# Interior water leak



## Miami Ragtop (Feb 15, 2011)

Hey guys every time I wash my '66 I get water dripping inside by the parking brake. When I redid the cowl around the windshield I made sure the drain hole was draining. Anyboby run up against this? I thought I saw on this forum something about a drain behind the kick panel. Any ideas?
Thanks,
Miami Ragtop:confused


----------



## joesweeting (May 8, 2011)

I'm dealing with a similar issue with a 69. I cleaned out cowl area and behind the kick panels with a wet dry vac and will check leaks around the windshield later. 
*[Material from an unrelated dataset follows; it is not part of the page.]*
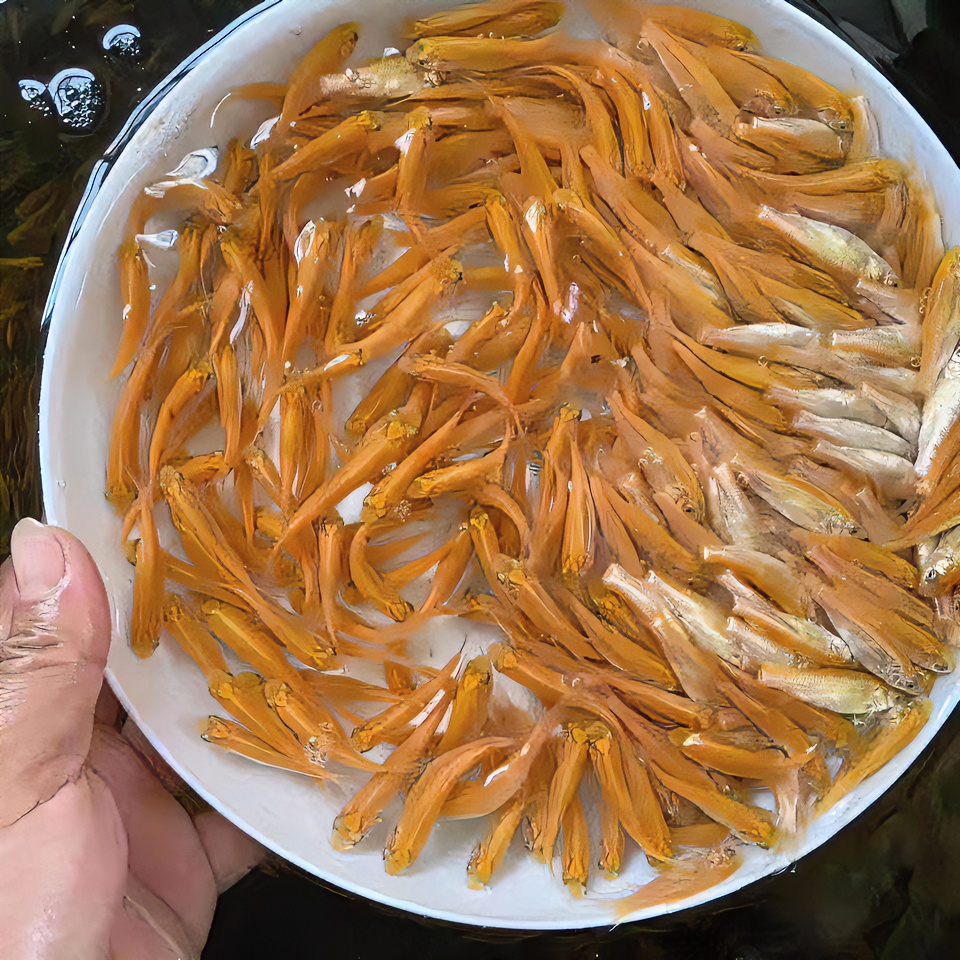 优质金草鱼苗金丝草鱼红草鱼金草鱼养殖放养食用和观赏鱼渔场直发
Sent from my ADR6425LVW using AutoGuide.Com Free App


----------



## crustysack (Oct 5, 2008)

the water drains from thr cowl into the area behind the kick panel and then down thru the rocker panel. Over the years the small drain holes get clogged with dirt, debris, old leaves etc,etc. The kick panel needs to come off and the whole vent assembly should be removed to clean this area properly. Best way is a high pressure hose, AND a long stiff piece of wire to dislodge and dirt that has solidified in there. It is a LARGE pain but necessary to allow the water to drain. The area will eventually get clogged again and you will have to do this again BUT to avoid having to do this process every couple of years drill out a LARGER drain hole (1/2") . Water will flow freely from the cowl right out to the ground and not have to travel down the rocker. Also make sure when you put the vent assembly back you use plenty of sealant.


----------



## joesweeting (May 8, 2011)

Thanks for the information. I pulled out the vents behind the kick panels and vacuumed that area. I also removed the wire mesh by the windshield and vacummed the same area but from a different angle. I planned on using HP air to blow it out this weekend. I will have to find a tech manual to find exactly were the drain holes are. I think I'm missing something. 

Sent from my ADR6425LVW using AutoGuide.Com Free App


----------



## BearGFR (Aug 25, 2008)

It it turns out not to be a drain problem, another candidate could be that the metal around the bottom of the windshield is rusted through and leaking.

Bear


----------



## joesweeting (May 8, 2011)

Thanks for the info. I know I have that problem with water leaking into my trunk. I can see a small gap water enters. 

Sent from my ADR6425LVW using AutoGuide.Com Free App


----------